After two “distracted” years in college (“Songwriting was more interesting than my studies”), he dropped out and moved to Nashville, which he says loomed as a “kind of a mystical place.” The Ryman Auditorium, the Grand Ole Opry, Music Row - it all felt a bit intimidating. So Mize was surprised when he landed a publishing deal in short order. “I didn't even know what a publishing company was,” he says with a laugh. “A song plugger heard me at an open mike, invited me to play a song for Brett Jones, a songwriter who ran Wyoming Sky Music, and I had a deal by the end of the day.” While Jones championed Logan and helped shape his songwriting skills, the deal fell apart after a year. “I naively thought everything was going to be smooth sailing,” he says. “But then I found it impossible to get another publishing deal. That's when I really started to feel like, 'Okay, I need to buckle down and get serious about this.'”
While he dug in on his craft and put his own band together, he worked a slew of jobs to support himself - from driving a dump truck to building to forklift palettes to being a bouncer at Coyote Ugly. In 2009, he landed a deal with publisher Big Yellow Dog, and released his first, self-titled album. Over the next decade and three more albums, he scored hit singles with “Ain't Always Pretty” and “Better Off Gone” (which was recently certified Gold by the RIAA), logged over 350 million streams on different platforms, and toured constantly, sharing stages with Eric Church, Dierks Bentley and Lee Ann Womack.
Welcome to Prairieville was recorded in Nashville with producer Daniel Agee. Mize says their influences for the album's sonic palette might come as a surprise. “Daniel's a big Mutt Lange Fan, and I love Jeff Lynne. We were like, 'Let's get those two worlds and mix them together!' That was kind of the goal. Daniel has really great ears. He understands every angle of the business too. He was on the road playing as a musician for years. He can speak very technical language. He can play anything you want him to. We recorded at Shannon Forrest's studio, all to tape. From there, we went to Daniel's house and did minimal overdubs.”
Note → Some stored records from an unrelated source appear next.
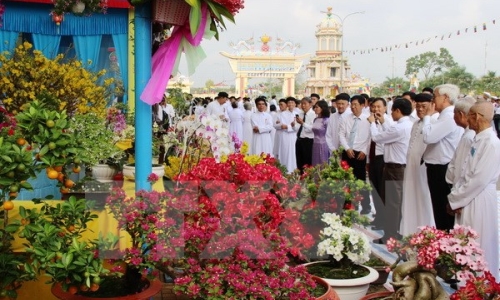 Hơn 80.000 người dự Đại Lễ Đức Chí Tôn ở Hội thánh Cao Đài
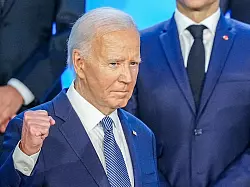Gastgeber Joe Biden: Der US-Pr&auml;sident repr&auml;sentiert die gr&ouml;&szlig;te Milit&auml;rmacht der Welt. - &copy; Kay Nietfeld/dpa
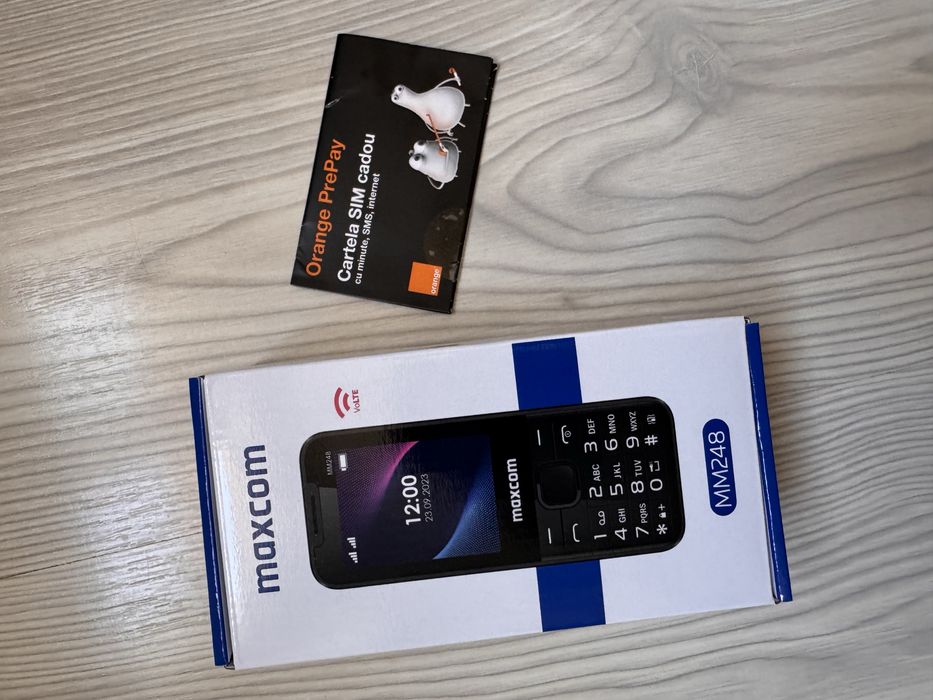 Telefon Mobil Maxcom MM248 4G
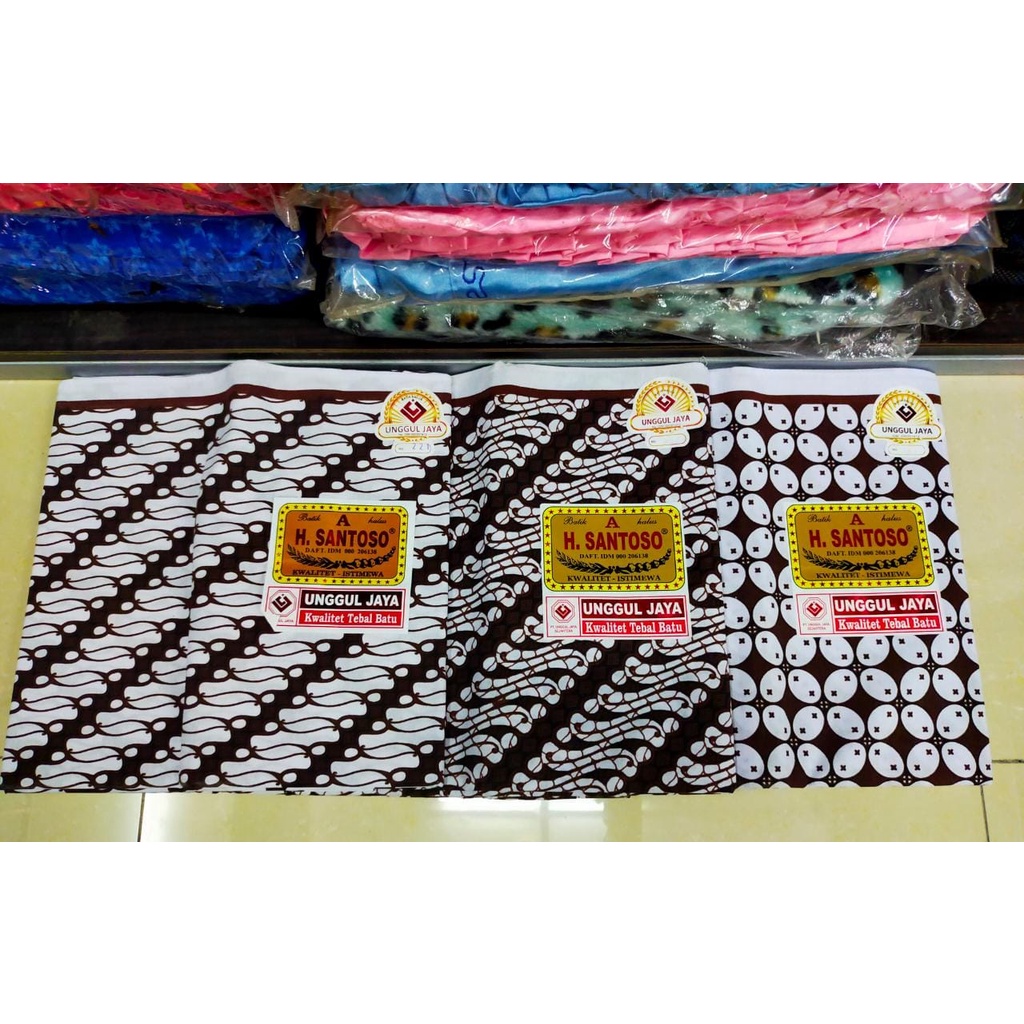 batik H santoso putih jarik/sewek/kain/batik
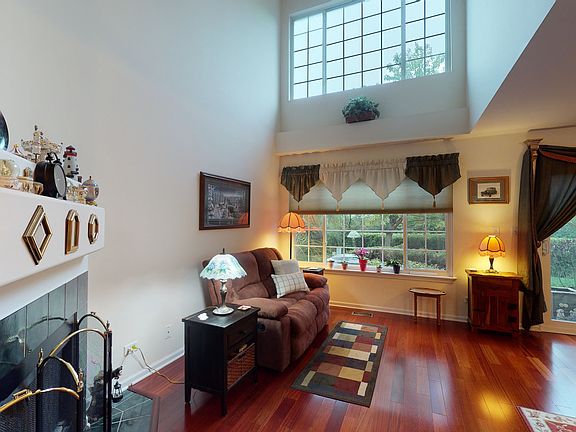 3rd image of 863 Pembrook Ct #863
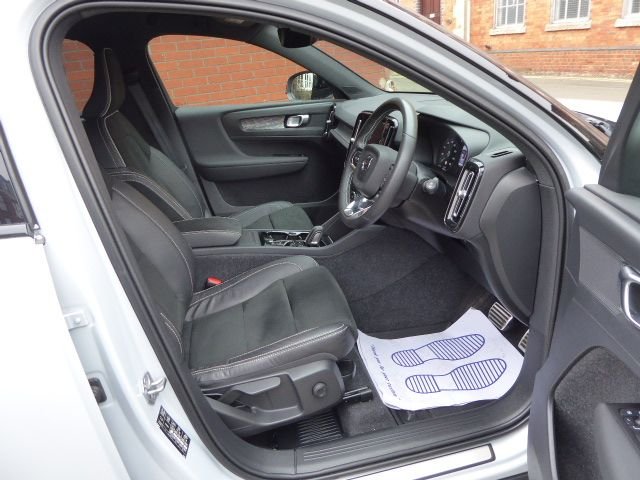 Used Volvo XC40 2021 for sale - 78176192: Photo 9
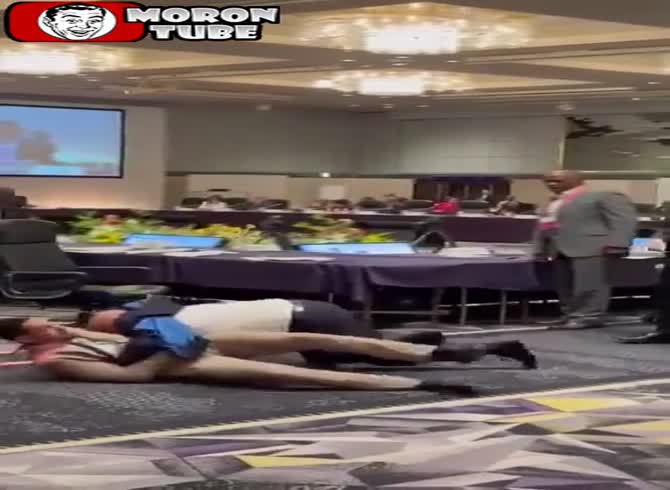 Video :During a conference, a Moroccan and an Algerian ambassador quarrel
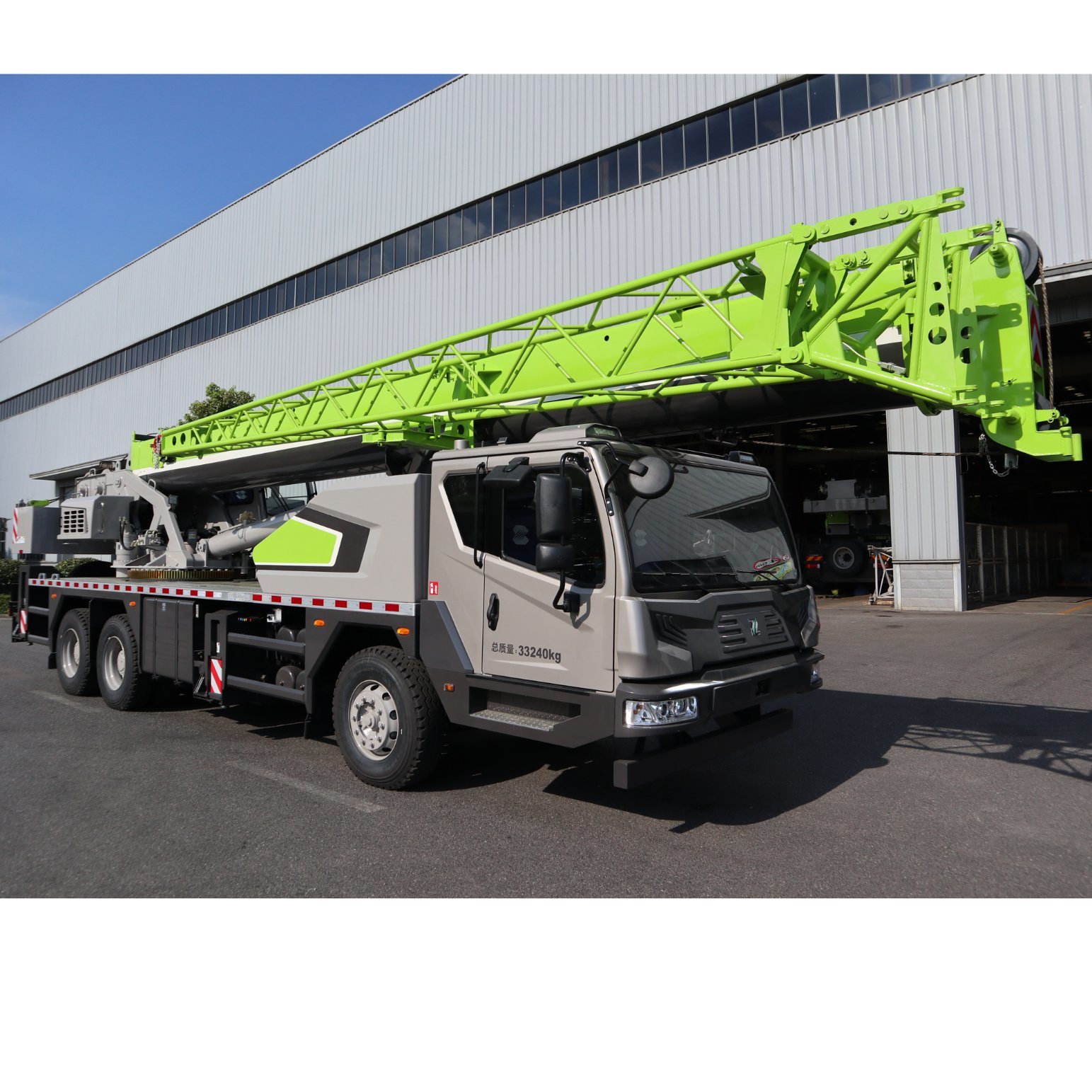 
                Grúa de camión 25 Ton Zoomlion Qy25V552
The resulting sound has a wide-screen shimmer, abundant with warmth, feel and hooks. It also seems tailor-made for sky-punching singalongs in sheds and stadiums. But for now, the touring world is still only inching forward through these uncertain times. While Mize has been venturing out, playing some smaller gigs and open-air festivals, he says simply, “I hope we can just get back to doing our jobs and having fun.”
As he looks forward to the album's release, he reflects on what he hopes listeners will take away. “I always try to think, 'What is the goal here?'” he says. “But really, I just love these songs. I think they came from a real place. I hope listeners have a really good listening experience, and it makes them want to come see my show. I hope it inspires them in some way. I know there's a dark side to it, but I hope they can see the positive in it. I just want people to enjoy the songs the way that I do.”